Last time we talked about how the original PC has a limit of 640 kB for your programs and 1 MB in total. But of course those restrictions chafed. People demanded more memory, and there were workarounds to provide it.
However, the workarounds were made to primarily work with the old 8088 CPU. Expanded memory (EMS) swapped pages of memory into page frames that lived above the 640 kB line (but below 1 MB). The system would work with newer CPUs, but those newer CPUs could already address more memory. That led to new standards, workarounds, and even a classic hack.
XMS
If you had an 80286 or above, you might be better off using extended memory (XMS). This took advantage of the fact that the CPU could address more memory. You didn’t need a special board to load 4MB of RAM into an 80286-based PC. You just couldn’t get to with MSDOS. In particular, the memory above 1 MB was — in theory — inaccessible to real-mode programs like MSDOS.
Well, that’s not strictly true in two cases. One, you’ll see in a minute. The other case is because of the overlapping memory segments on an 8088, or in real mode on later processors. Address FFFF:000F was the top of the 1 MB range.
PCs with more than 20 bits of address space ran into problems since some programs “knew” that memory access above that would wrap around. That is FFFF:0010, on an 8088, is the same as 0000:0000. They would block A20, the 21st address bit, by default. However, you could turn that block off in software, although exactly how that worked varied by the type of motherboard — yet another complication.
XMS allowed MSDOS programs to allocate and free blocks of memory that were above the 1 MB line and map them into that special area above FFFF:0010, the so-called high memory area (HMA).

Because of its transient nature, XMS wasn’t very useful for code, but it was a way to store data. If you weren’t using it, you could load some TSRs into the HMA to prevent taking memory from MSDOS.
Protected Mode Hacks
There is another way to access memory above the 1 MB line: protected mode. In protected mode, you still have a segment and an offset, but the segment is just an index into a table that tells you where the segment is and how big it is.
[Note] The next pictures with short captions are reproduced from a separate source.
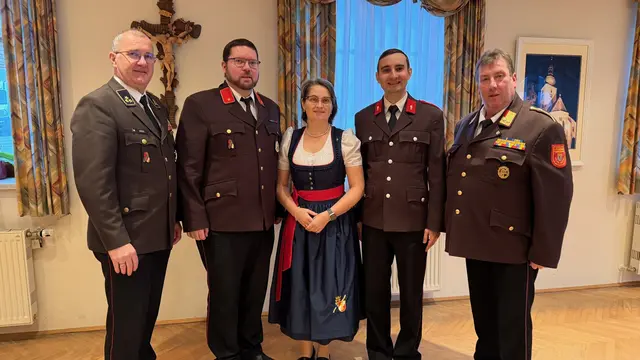 Großschönau: Gerhard Weigl, Andreas Weigl, Bgm. Elisabeth Wachter, Bernhard Weigl-Pollack, Herbert Schagginger | Foto: Anton Grünstäudl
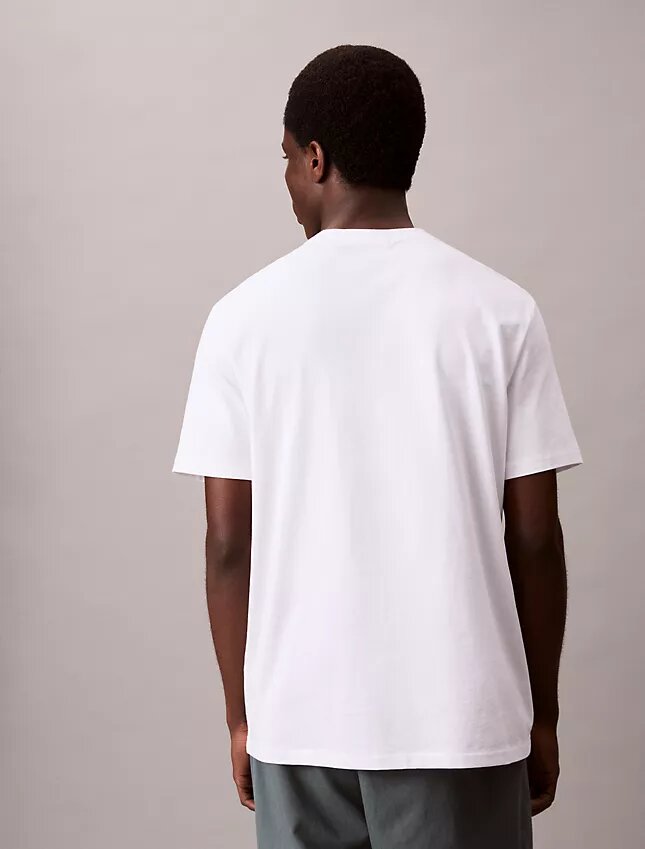 T-shirt Descontraída com Monogram Bordado T-shirt Descontraída com Monogram Bordado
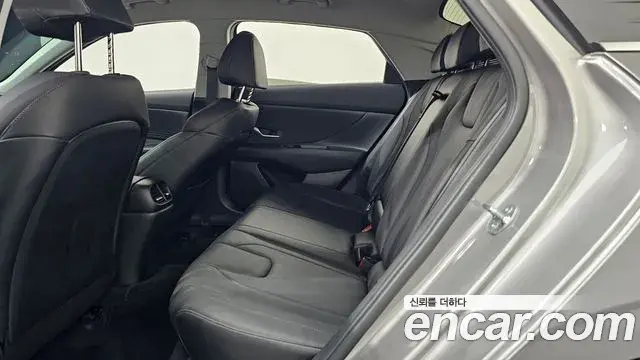 Hyundai The New Avante Hybrid 2020 — ფოტო 10/34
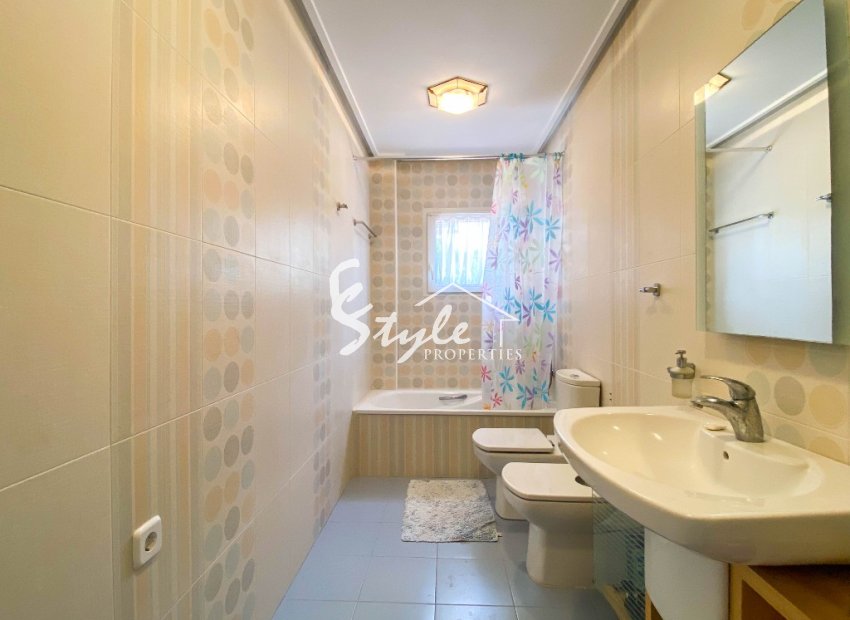 A la venta una exclusiva villa de lujo con una gran parcela en Villamartín, Costa Blanca, España. ID3484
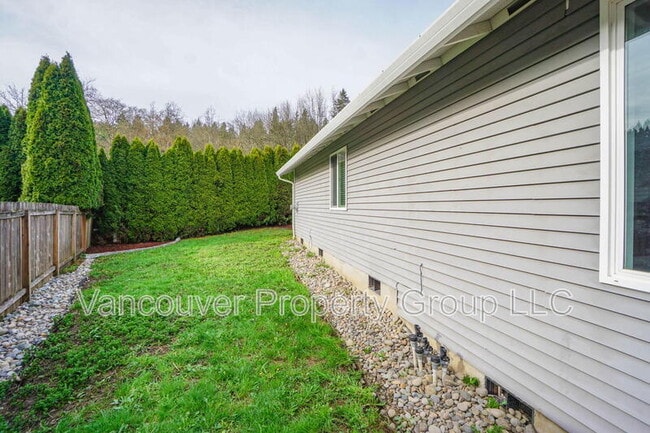 Building Photo - 8601 NE 84th St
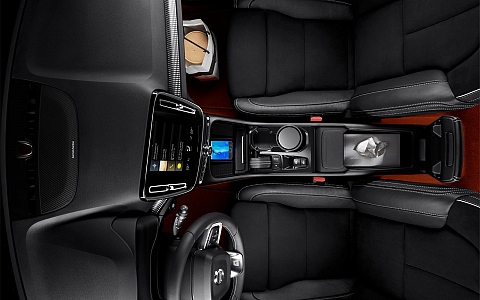 Volvo XC40 (2017) - Interijer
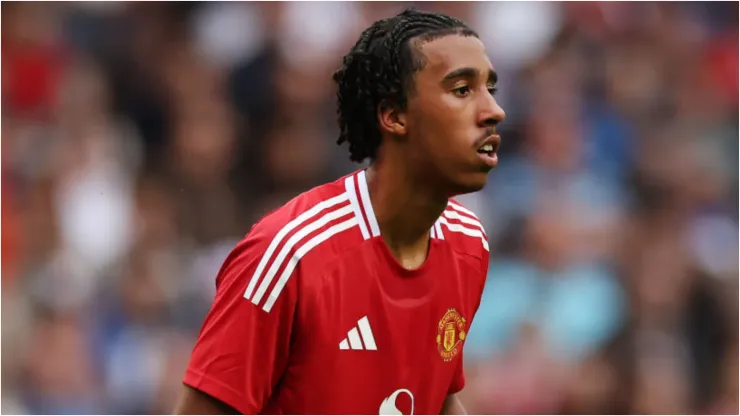 Foto: Ian MacNicol/Getty Images - Leny Yoro em jogo do Manchester United.
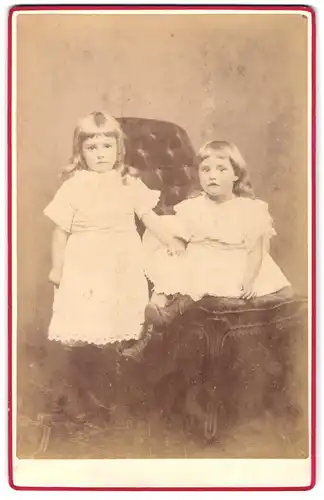 Fotografie unbekannter Fotograf und Ort, Portrait zwei kleine Mädchen in weissen Kleidern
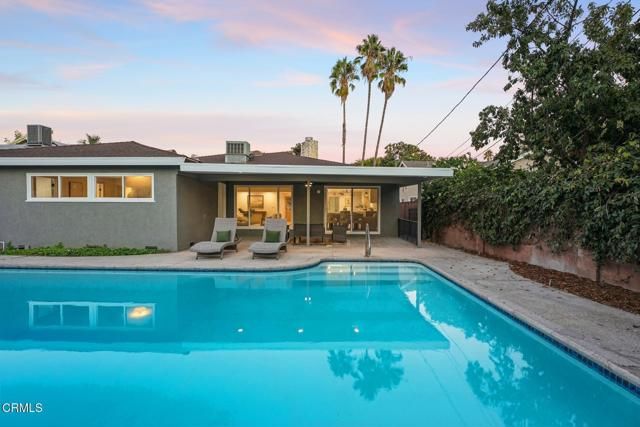 6043 Mary Ellen Avenue, Los Angeles, CA 91401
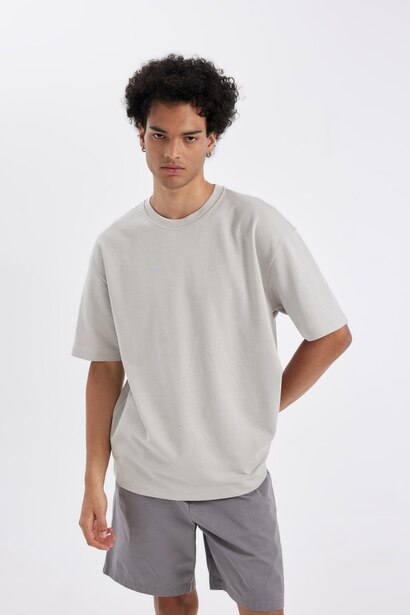 Oversize Fit Short Sleeve T-Shirt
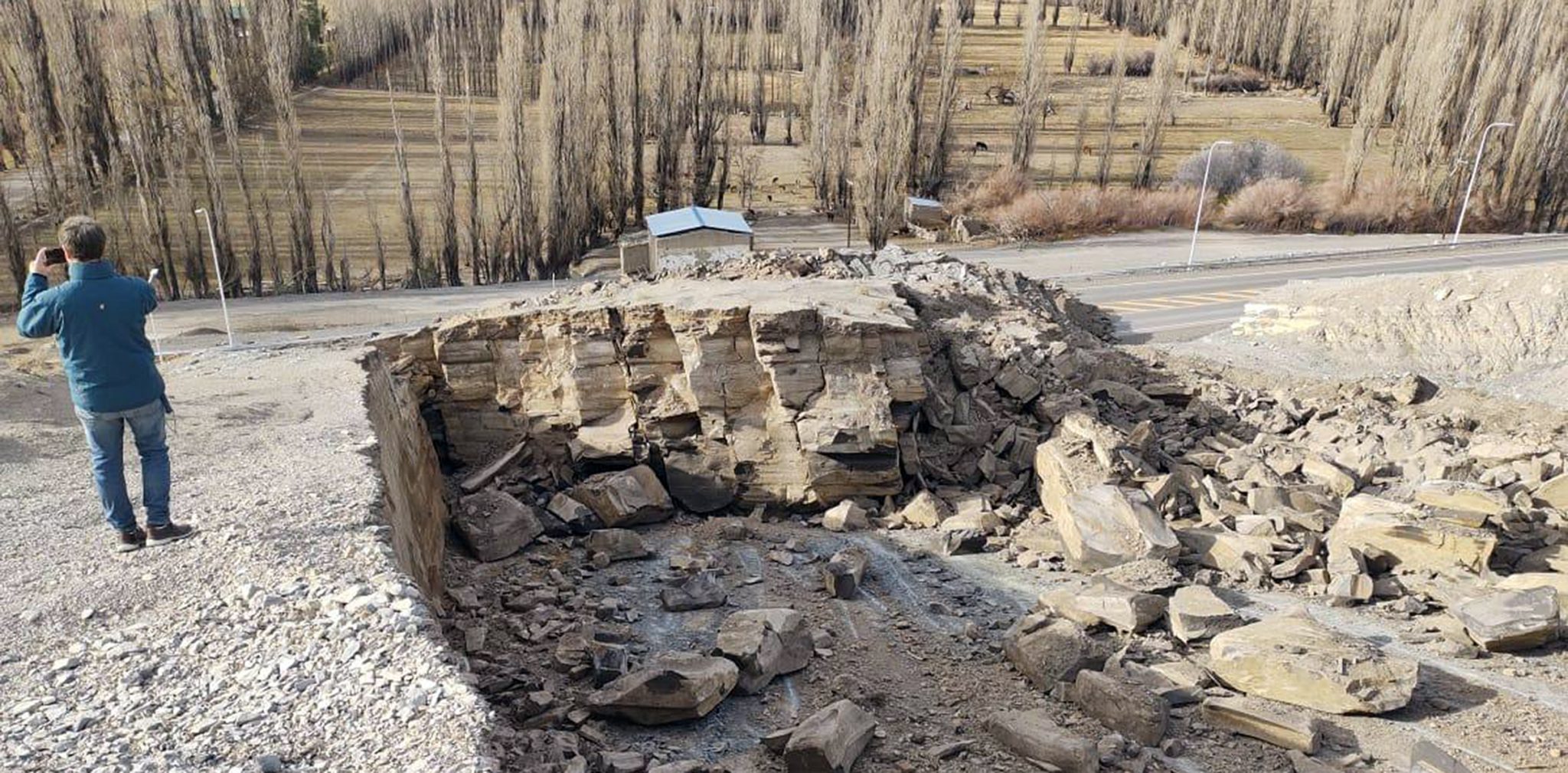 En este momento estás viendo Piden la intervención del SEGEMAR por el derrumbe en Chos Malal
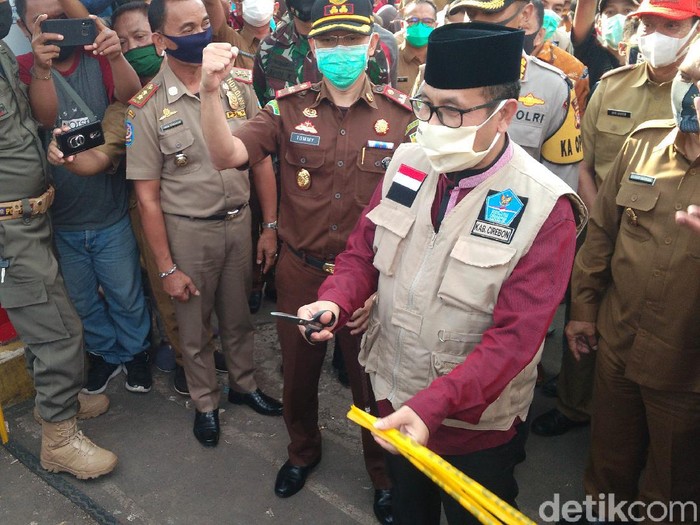 Pemkab Cirebon kembali buka pasar Sumber yang sempat ditutup dua pekan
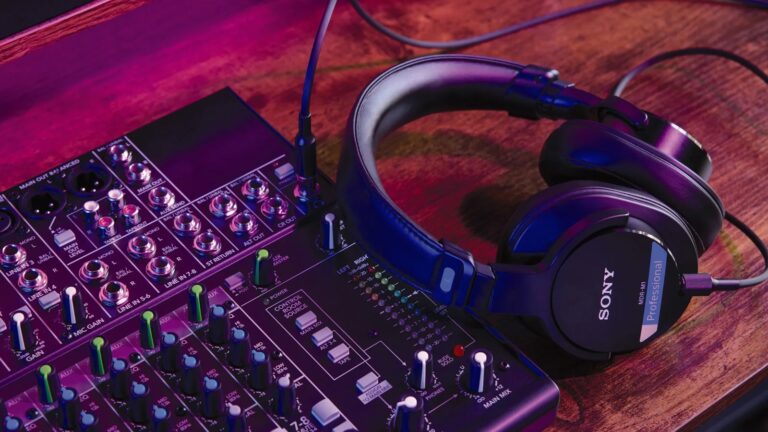Sony MDR-M1: Reference Closed Monitor Headphones for Creators and Engineers on Gadget Flow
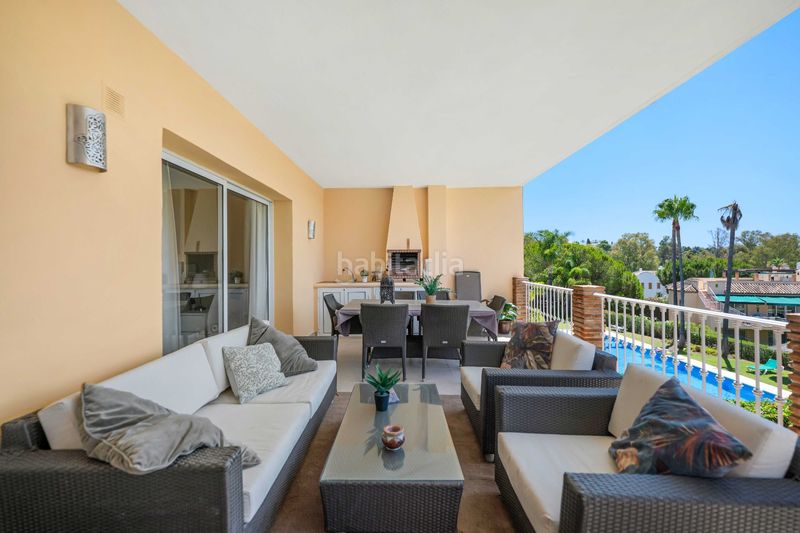 Foto 9f8090f6-b047-4154-b0da-130786f67e3c. Piccolo appartamento con piscina in Los Naranjos Marbella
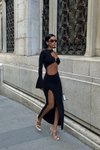 Siyah Uzun Tek Kol Cut Out Tokalı Yırtmaçlı Abiye Elbise
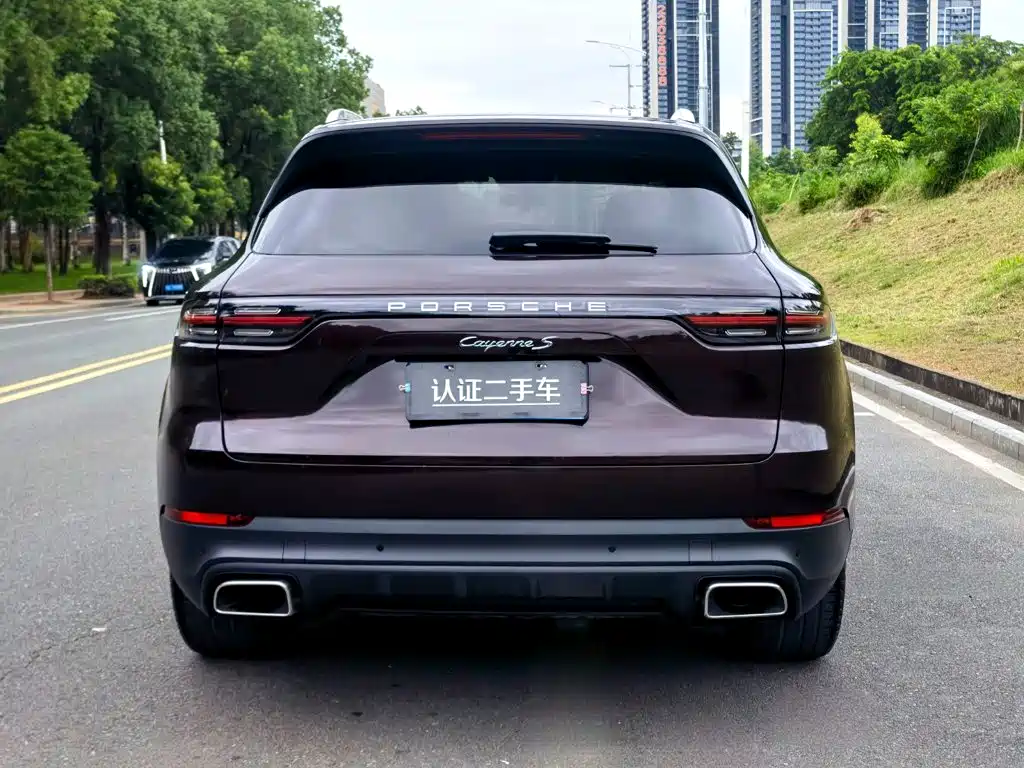 Porsche Cayenne — миниатюра 6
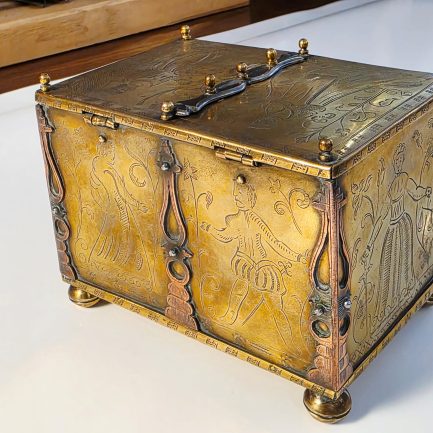 SMALL RENAISSANCE CASKET SIGNED — MICHAEL MANN, NUREMBERG 🔐✨⚔️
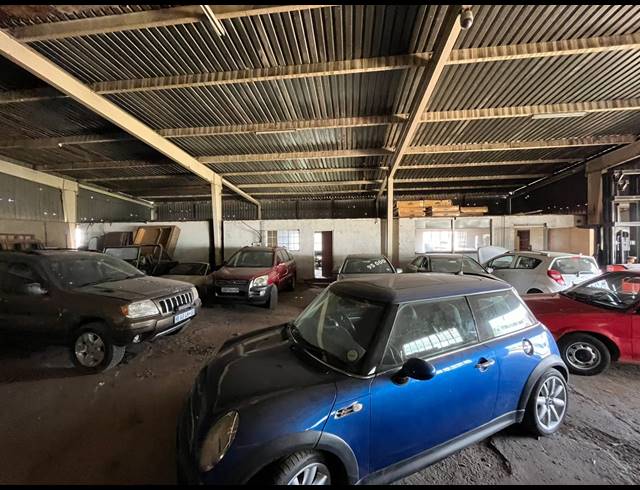 3,000M² WAREHOUSE FOR SALE IN VULCANIA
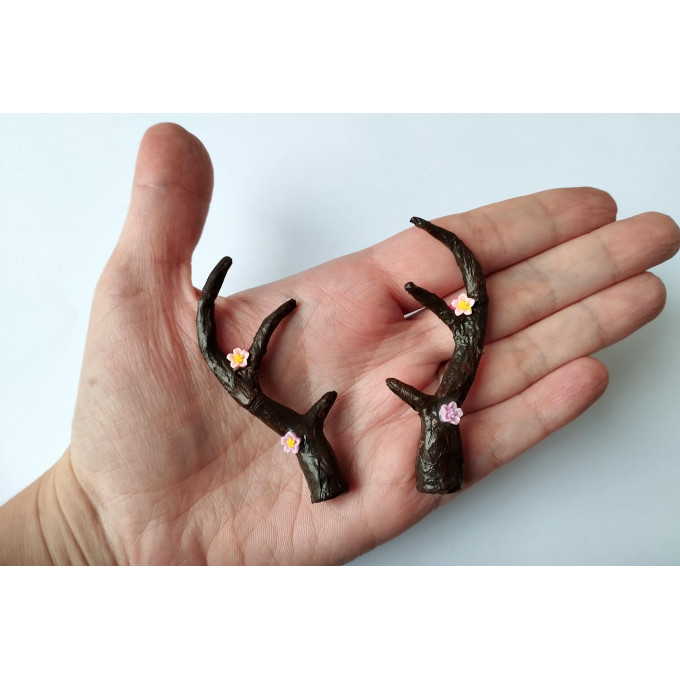 Miniature deer antlers on magnet tutorial. BJD dol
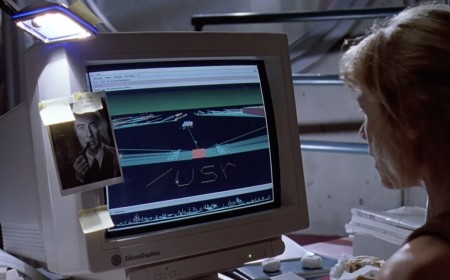 Engineer identifies and explains every '90s computer seen in Jurassic Park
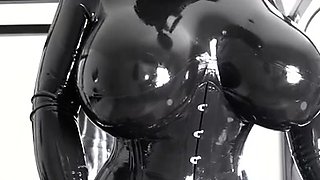 Amateur Blonde With BIG BOOBS Hot Free Cam Show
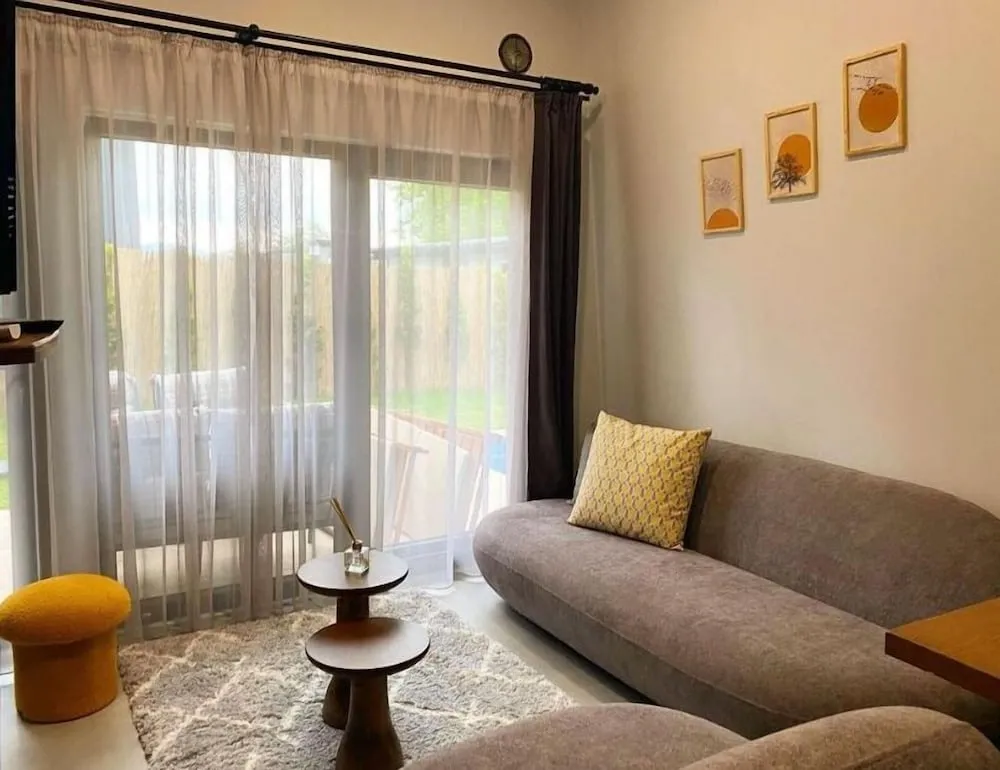 Junior Garden Heated Pool Villa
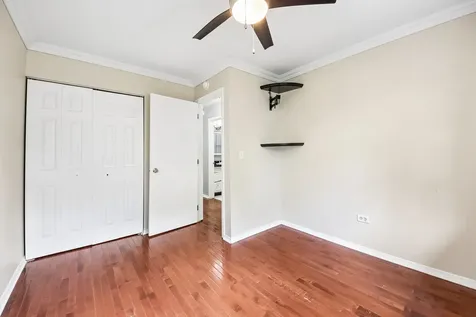 1124 East Potomac Lane Palatine IL 60074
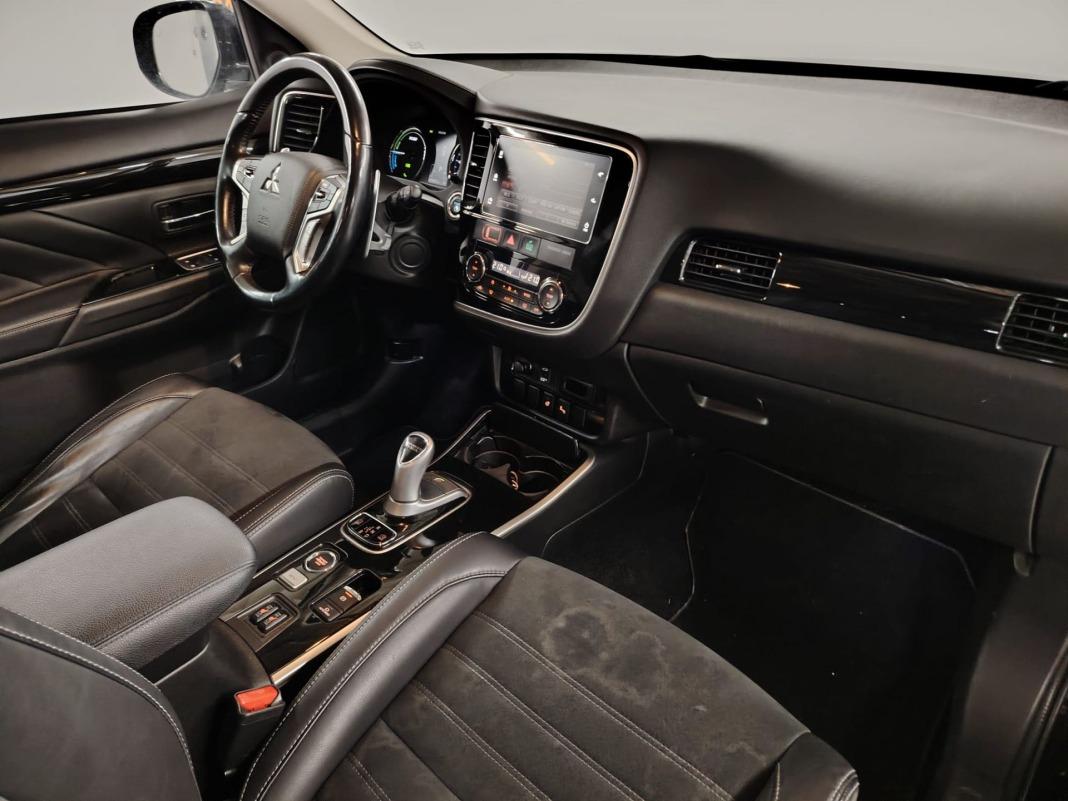 Mitsubishi Outlander 2.0 PHEV Kaiteki Auto 4WD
The offset is just an offset into the segment. So by setting up the segment table, you can access any memory you like. You can even set up a segment that starts at zero and is as big as all the memory you can have.

You can use segments like that in a lot of different ways, but many modern operating systems do set them up very simply. All segments start at address 0 and then go up to the top of user memory. Modern processors, 80386s and up, have a page table mechanism that lets you do many things that segments were meant to do in a more efficient way.
However, MS-DOS can’t deal with any of that directly. There were many schemes that would switch to protected mode to deal with upper memory using EMS or XMS and then switch back to real mode.
Unfortunately, switching back to real mode was expensive because, typically, you had to set a bit in non-volatile memory and reboot the computer! On boot, the BIOS would notice that you weren’t really rebooting and put you back where you were in real mode. Quite a kludge!
There was a better way to run MSDOS in protected mode called Virtual86 mode. However, that was complex to manage and required many instructions to run in an emulated mode, which wasn’t great for performance. It did, however, avoid the real mode switch penalty as you tried to access other memory.
Unreal Mode
In true hacker fashion, several of us figured out something that later became known as Unreal Mode. In the CPU documentation, they caution you that before switching to real mode, you need to set all the segment tables to reflect what a segment in real mode looks like. Obviously, you have to think, “What if I don’t?”
Well, if you don’t, then your segments can be as big as you like. Turns out, apparently, some people knew about this even though it was undocumented and perhaps under a non-disclosure agreement. [Michal Necasek] has a great history about the people who independently discovered it, or at least, the ones who talked about it publicly.
The method was doomed, though, because of Windows. Windows ran in protected mode and did its own messing with the segment registers. If you wanted to play with that, you needed a different scheme, but that’s another story.
Modern Times
These days, we don’t even use video cards with a paltry 1 MB or even 100 MB of memory! Your PC can adroitly handle tremendous amounts of memory. I’m writing this on a machine with 64 GB of physical memory. Even my smallest laptop has 8 GB and at least one of the bigger ones has more.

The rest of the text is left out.